As Israel turns 70 years old, there are as many opinions, views, and experiences to share about the Jewish state as there are Jews on Earth. Everything from the crazy brilliance of Jerusalem to the blunt attitude of Israelis, from watching Palestinians get arrested, to getting into a budging war with a grandmother in the line for the bus. But for me, traveling right now in Belarus and Ukraine, one realization stands out above all else for why I love Israel, even with today’s refugee issues and political corruption.
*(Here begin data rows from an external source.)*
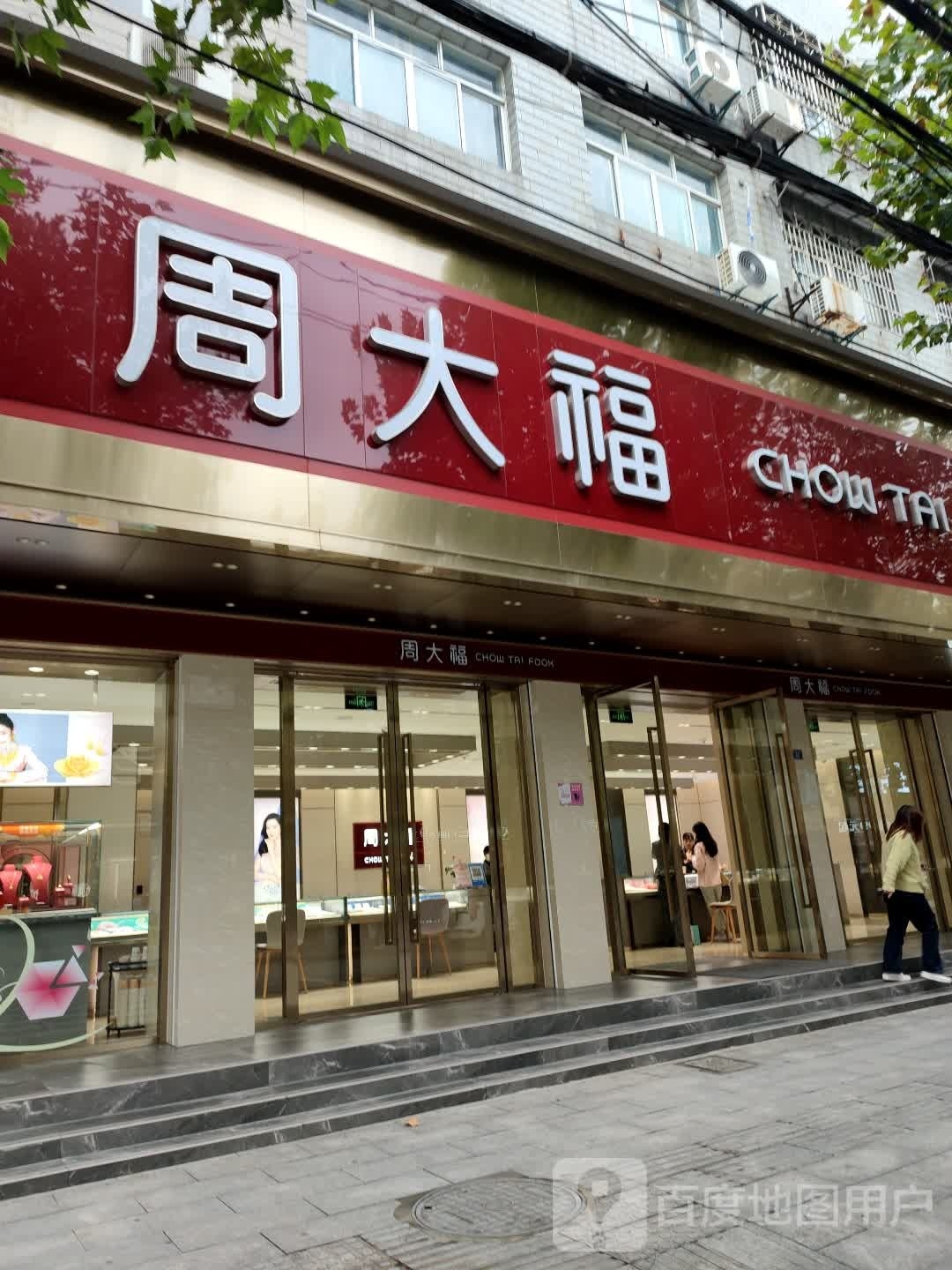 周大福(江陵店)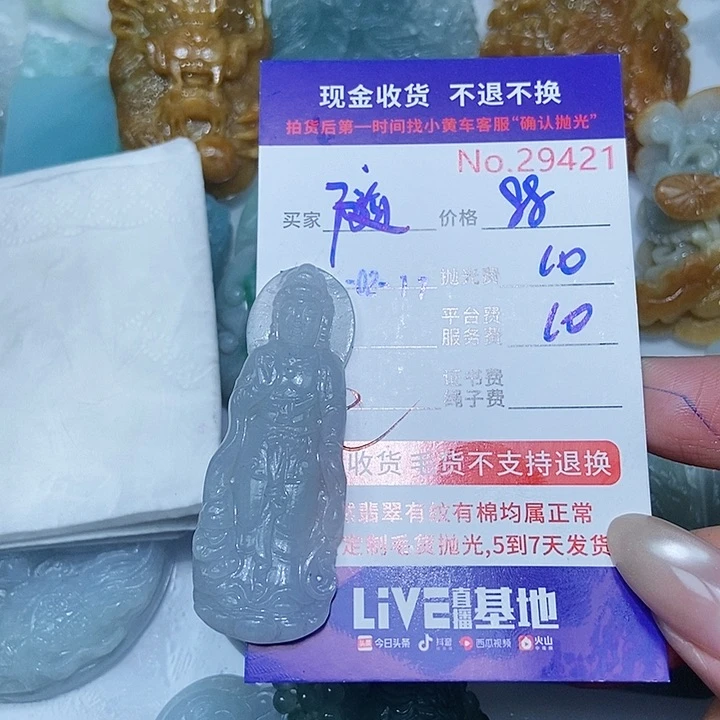 定制翡翠未镶嵌随**凡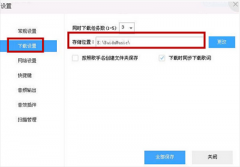 百度音樂下載的歌曲默認(rèn)保存在哪個(gè)文件夾？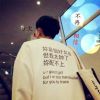 内蒙古网友45467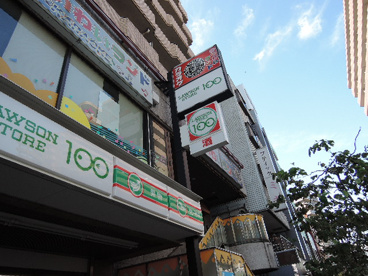 ローソンストア100　荒川西尾久三丁目店の画像2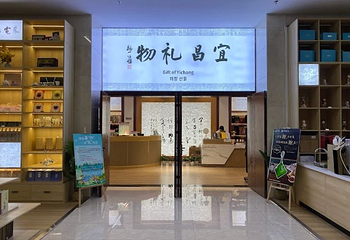 宜昌博物馆第 57 张图片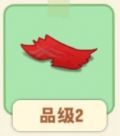 可疑的布料.png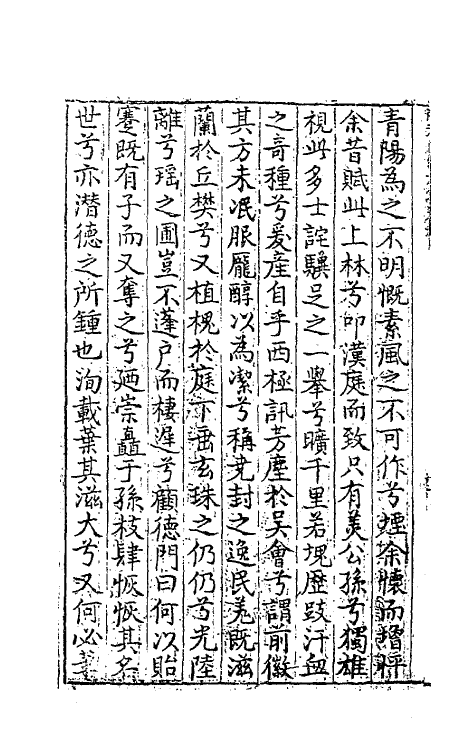 62724-陈恭介公文集八 (明)陈有年撰.pdf_第3页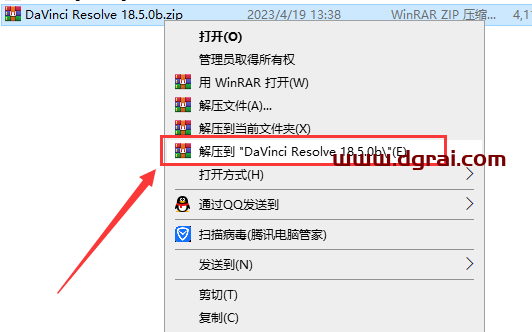 Blackmagic Design DaVinci Resolve Studio v18.5.0【达芬奇18.5安装教程】中文版下载
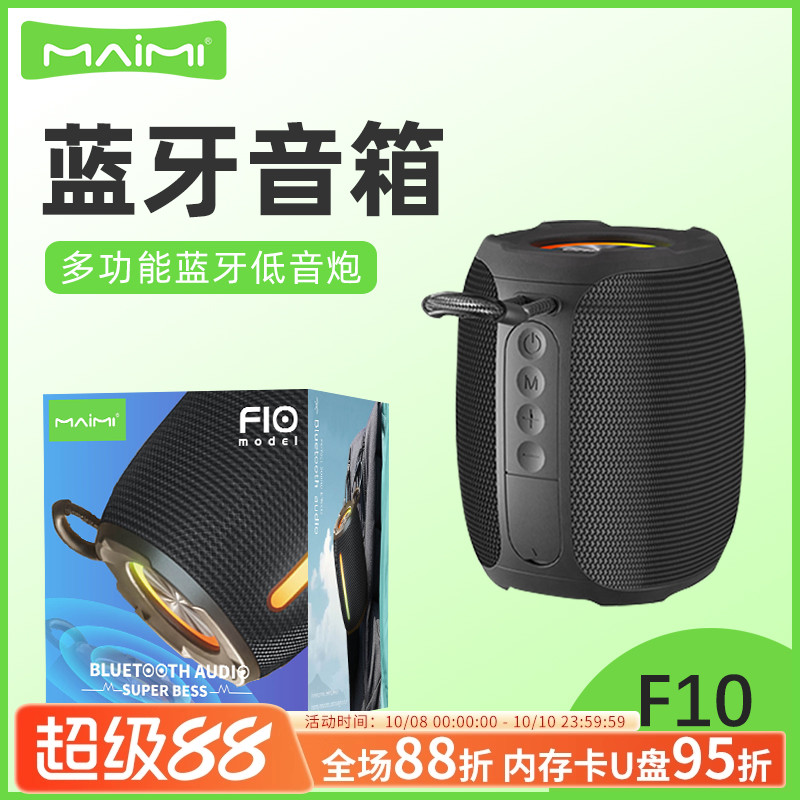 麦靡F10蓝牙音箱插卡大功率便携式大音量无线手提小音响重低音炮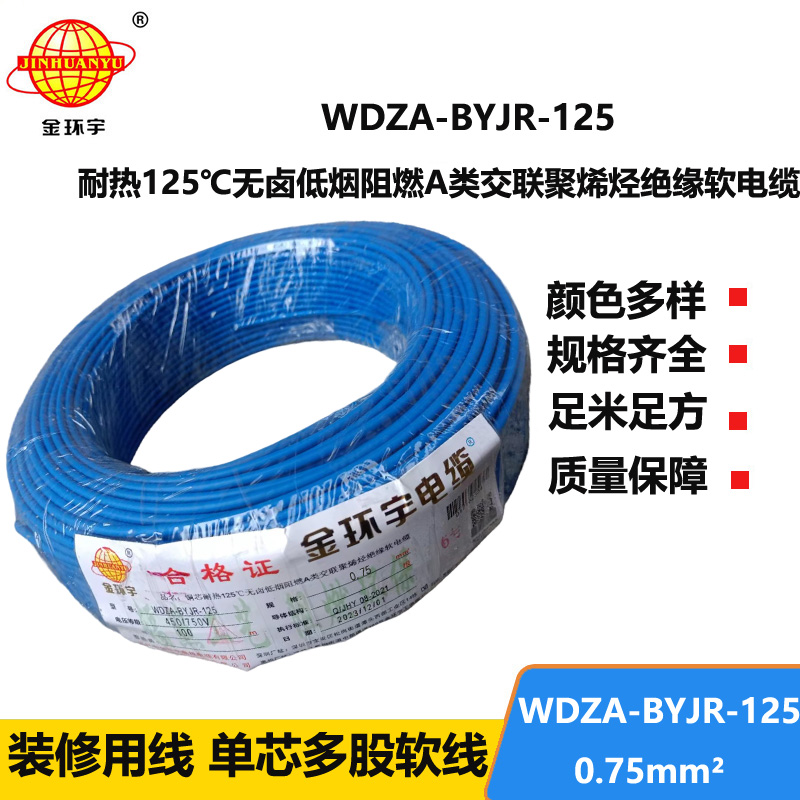 金环宇电线 0.75平方电线 深圳a类阻燃无卤低烟电线WDZA-BYJR-125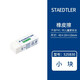 施德樓（Staedtler）繪圖橡皮擦學(xué)生擦得干凈不留痕學(xué)習(xí)用品像皮擦 525B30環(huán)保繪圖橡皮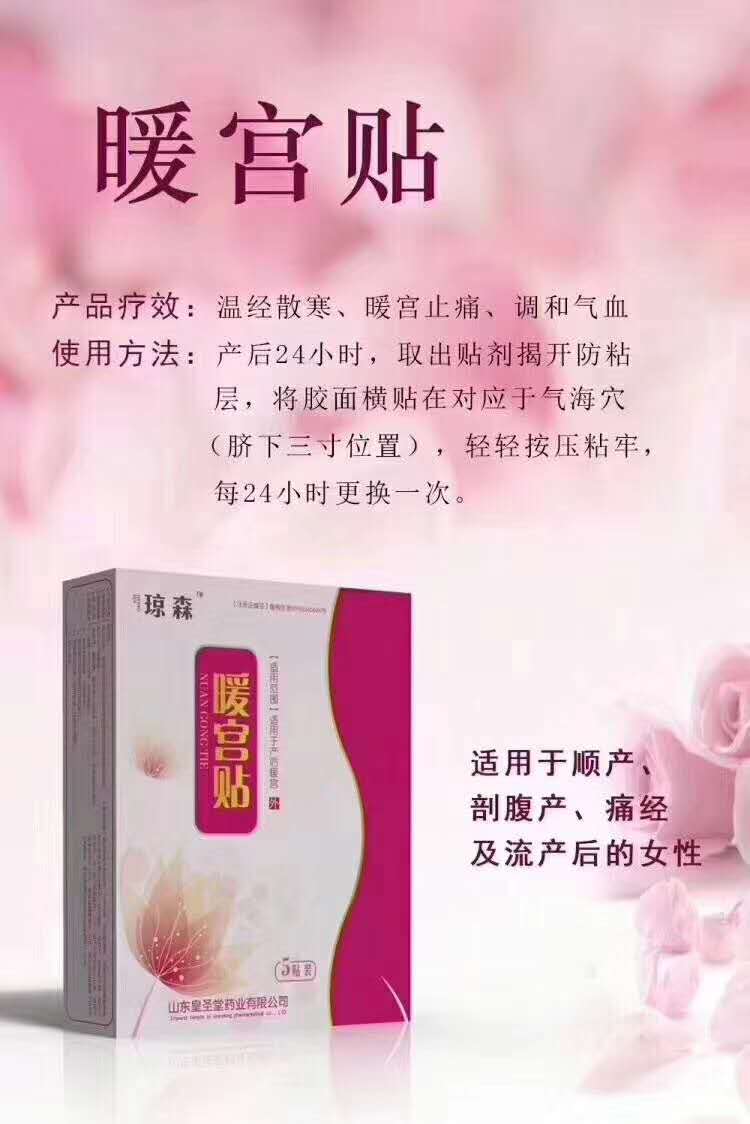微信圖片_20190403150439.jpg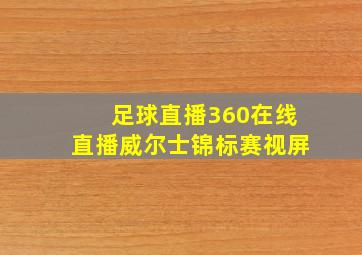 足球直播360在线直播威尔士锦标赛视屏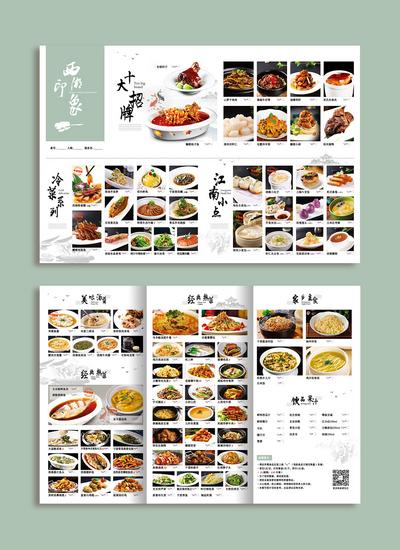 南门网 简约中式菜单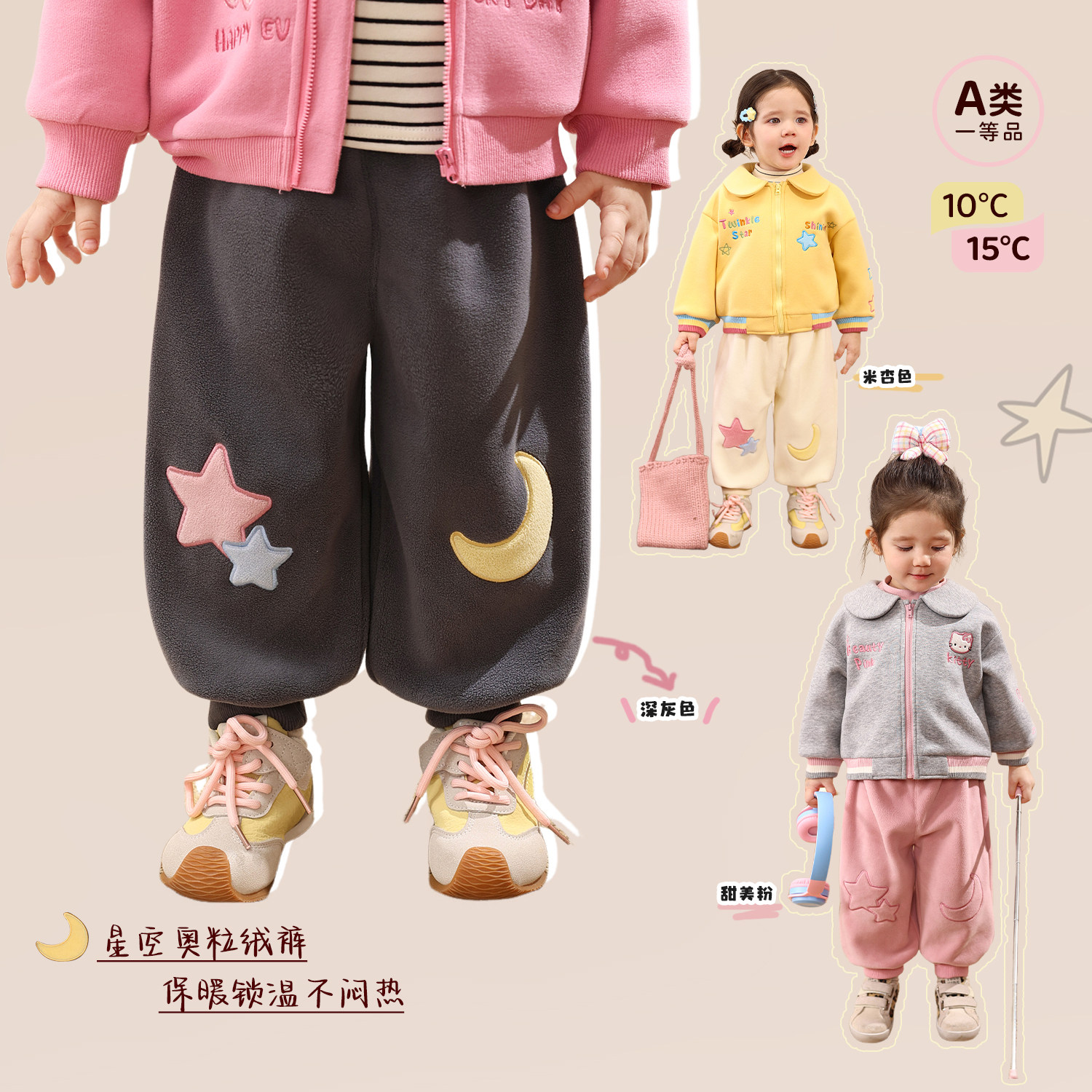 小O爸婴童 女宝宝摇粒绒裤2025冬季婴儿保暖卫裤加绒休闲运动裤,童装/婴儿装/亲子装,裤子,淘宝优惠券,粉丝福利购,淘宝优惠卷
Learning about the Ukrainian Jewish community has opened my eyes to Jewish politics operating under the rule of others. Seeing how the conflict between Ukraine and Russia, itself a product of wider European politics, underscores every Jewish cultural, religious, and political act in this region, is immensely frustrating. And while I won’t go so far as to say whether this is right or wrong (after all, in America the same phenomena occur simply with American politics), that is what makes me appreciate Israel as the Zionist dream it was intended to be.
In Israel, regardless of the crazy politics, corruption, situation, and disagreements, Jewish politics are playing out at the mercy of nobody and nothing else. Jewish politics are local, regional, national, and international. Yes, there is the natural push-and-pull of global politics and players, but largely speaking, we have self-determination. It isn’t just a phrase, for Jews to have self-determination, copied out of StandWithUS material. It is playing out right now, today, as we speak.
This, possibly, is the only thing that makes me so much as mildly comfortable with Jewish politicking in Ukraine. No matter how many rules we have to live under that are not our own, there is a place, at the crossroads of three continents, where even if we hate the rules, they are our own. A place where we choose our future, without wearing the chains forged by others. This reality, even as it frustrates Israelis and Diaspora Jews alike, is the one I will be celebrating with all my heart this Yom HaAtzmaut. May we never lose this gift again.